[RECORDED INFORMATION Boundary: Start]

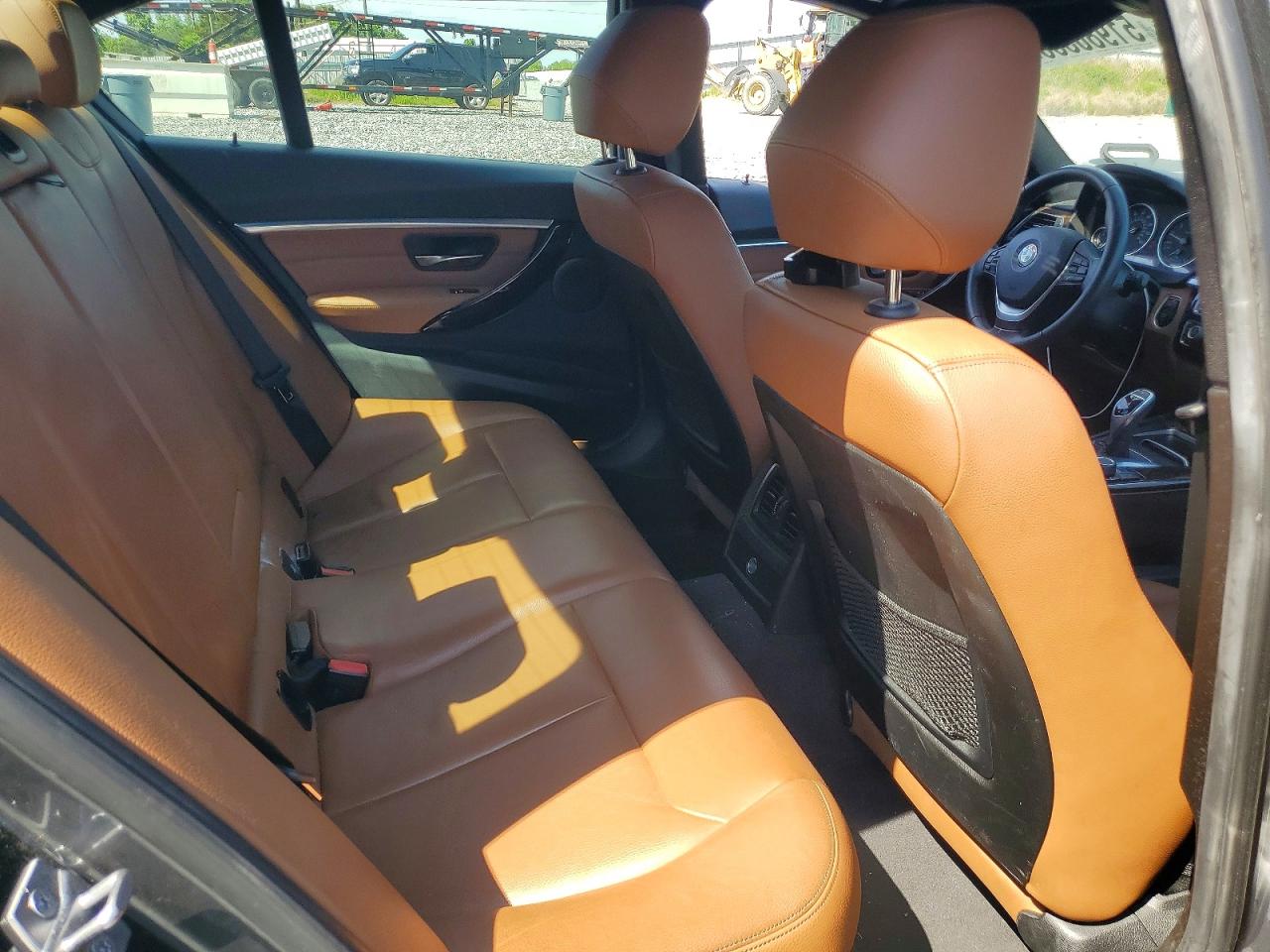 BMW 3 Series I Sulev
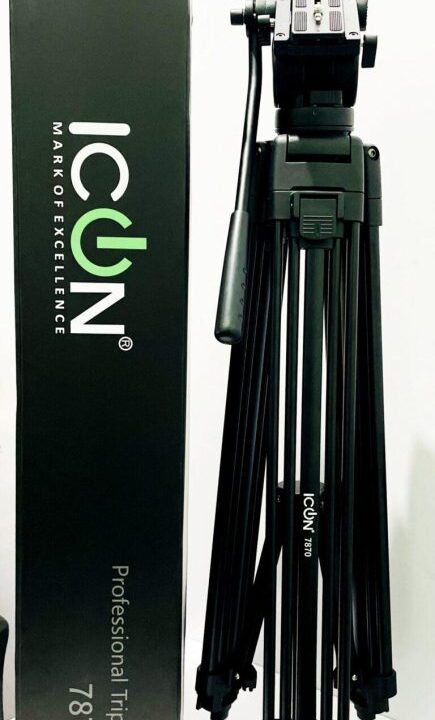 ICON 7870 Professional Tripod Price in pakistan
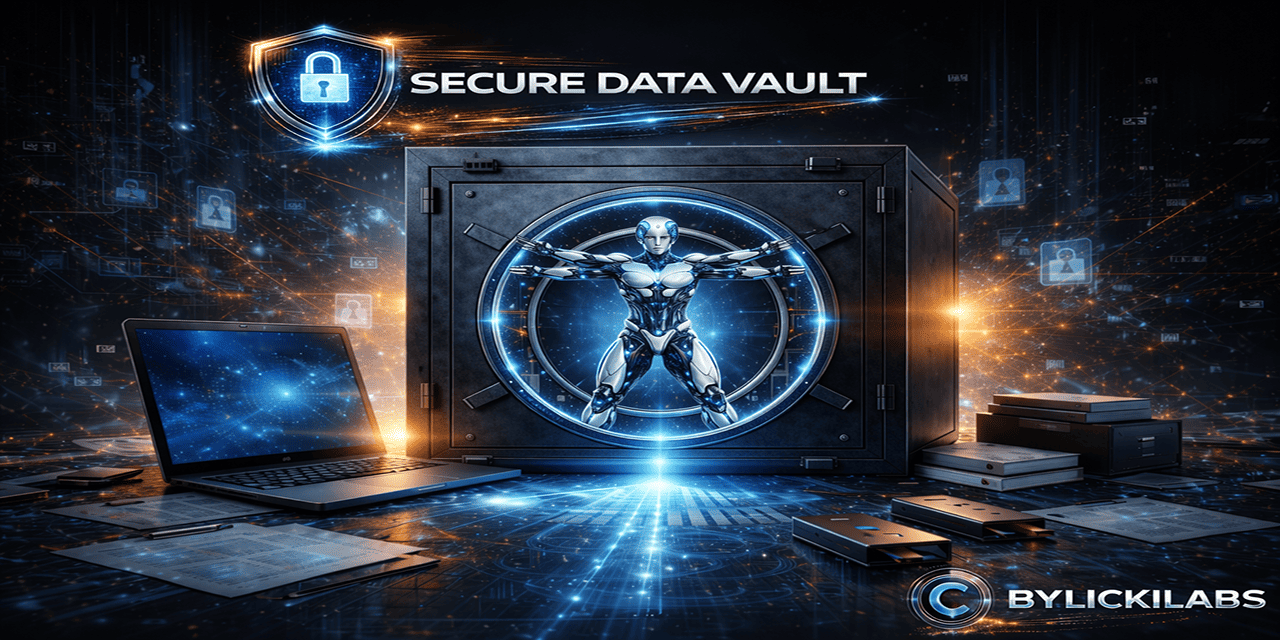 SecureDataVault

[RECORDED INFORMATION Boundary: End]

> _TASK ITEM_
Apart from the pictures, restate all of the listing above exactly.

> _ANSWER FOR THE TASK_
 BMW 3 Series I Sulev
 ICON 7870 Professional Tripod Price in pakistan
 SecureDataVault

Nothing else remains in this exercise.